Member of the Legislative Council of Western Australia
- In office 22 May 1950 – 21 May 1974
- Preceded by: None (seat reconstituted)
- Succeeded by: Thomas Knight
- Constituency: South Province

Personal details
- Born: 11 June 1907 Katanning, Western Australia, Australia
- Died: 19 June 1997 (aged 90) Albany, Western Australia, Australia
- Party: Country

= Jack Thomson (politician) =

Australian politician

Jack McIntosh Thomson (11 June 1907 – 19 June 1997) was an Australian politician who served as a Country Party member of the Legislative Council of Western Australia from 1950 to 1974, representing South Province.
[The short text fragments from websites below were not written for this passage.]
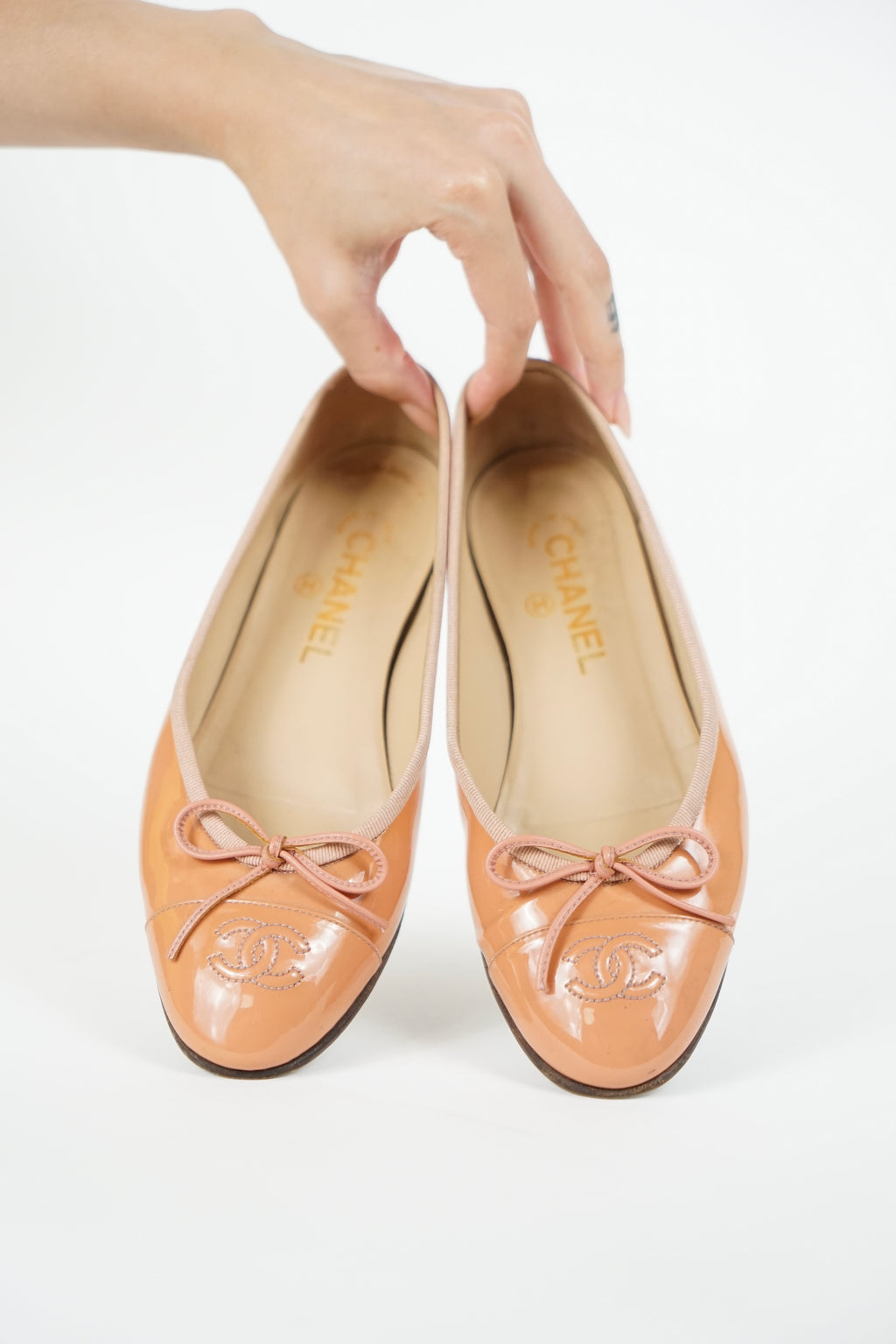 Chanel Pink Patent Leather Ballet Flats, FR 37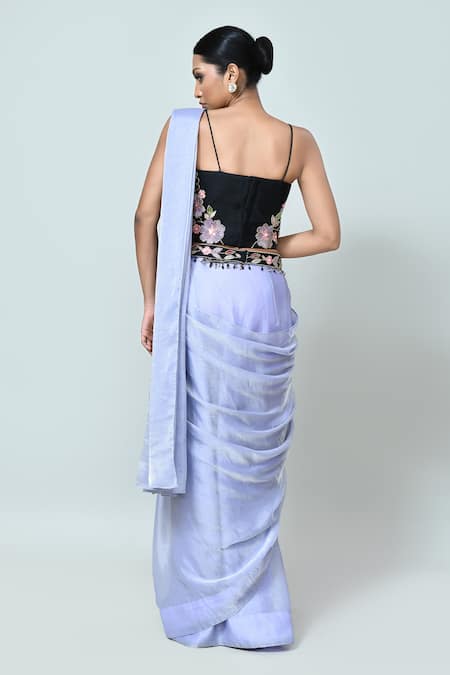 Sayisha Solid Draped Saree With Embroidered Blouse 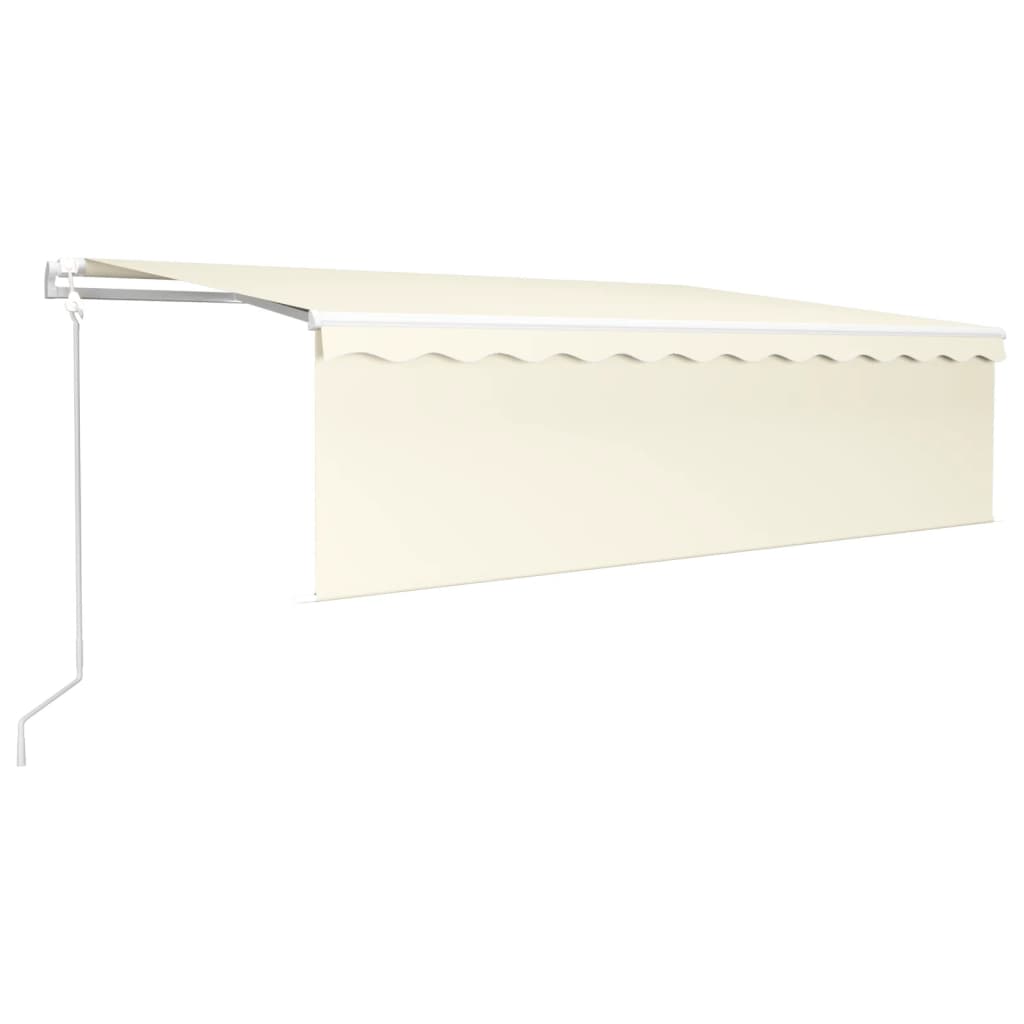 Luifel automatisch met rolgordijn LED windsensor 5x3 m crème – afbeelding 2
Thomson was born in Katanning, Western Australia, to Edith Maud (née Jenkinson) and Alexander Thomson. His father was also a member of parliament. Thomson boarded at Guildford Grammar School, Perth, and then followed his father into the building trade, eventually becoming a master builder. He lived in Albany, and served on the Albany Municipal Council from 1945 to 1951. Thomson entered parliament at the 1950 Legislative Council election. He effectively replaced his father in parliament, although a reconstitution meant that they technically represented different constituencies. Thomson was re-elected three times (in 1956, 1962, and 1968), eventually retiring from parliament at the 1974 state election. He served as deputy chairman of committees from 1968 to 1974. Thomson died in Albany in June 1997, aged 90. He had married Catherine Mary Hill in 1937, but had no children.